Stories, Tasks, and Implementation Details

The Product Owner never handles anything more granular than a user story. The Product Backlog should never contain tasks or implementation details.

The Sprint Backlog is where tasks live. In Scrum, stories define what functionality should be delivered, not how that functionality is to be implemented. That level of detail is the sole province of the Development Team, who decompose stories into tasks for the Sprint Backlog.

Stories are Project-Related Work

I got (sic) some tasks that I consider story-independent, for example, configuring some stuff in the production environment for a web app.

You are defining stories incorrectly. A user story isn't just a product feature; it's any project-related work above the level of the implementation-specific details. Ideally, a story captures value and deducts from the pool of available team capacity or resources.

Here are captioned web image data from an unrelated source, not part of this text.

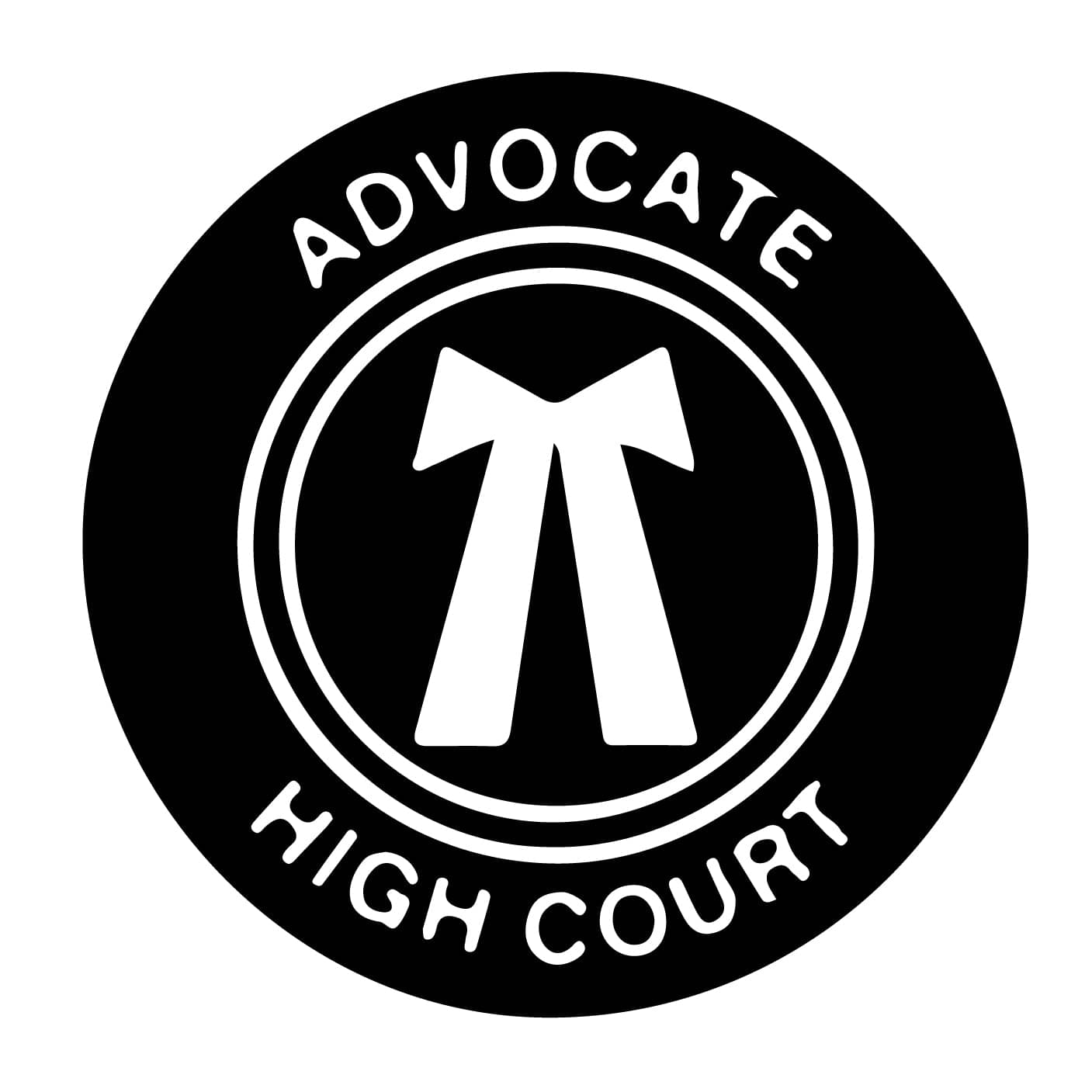     			PEACOCKRIDE Advocate I High Court I Pin Badge (Multicolor, Plastic, 44mm)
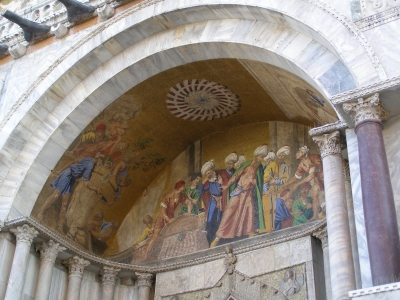 Detailaufnahme Basilica di San Marco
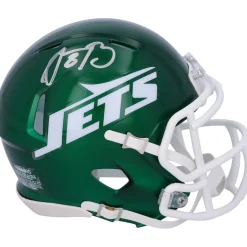 New York Jets Autographed Items | Helmets^Aaron Rodgers Autographed 2024 Riddell Speed Mini Helmet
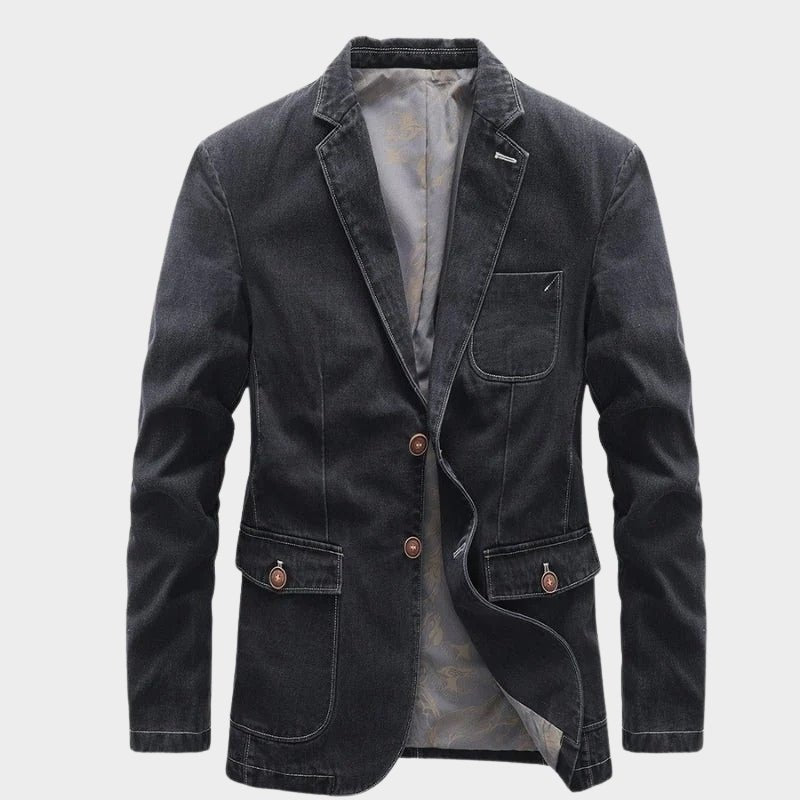 Auden Organic Blazer - Men's Lightweight Tailored Jacket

In this case, your story should read something like:

As a DevOps engineer,
I need to reconfigure the web application
to reduce its memory footprint for use on small Amazon EC2 instances.

Whether or not this is your actual use case, it clearly shows that what you're calling a "task" is really a legitimate user story that can add value to the project. By placing it on the Product Backlog, you have correctly made this story a visible cost to the project. No invisible work, ever!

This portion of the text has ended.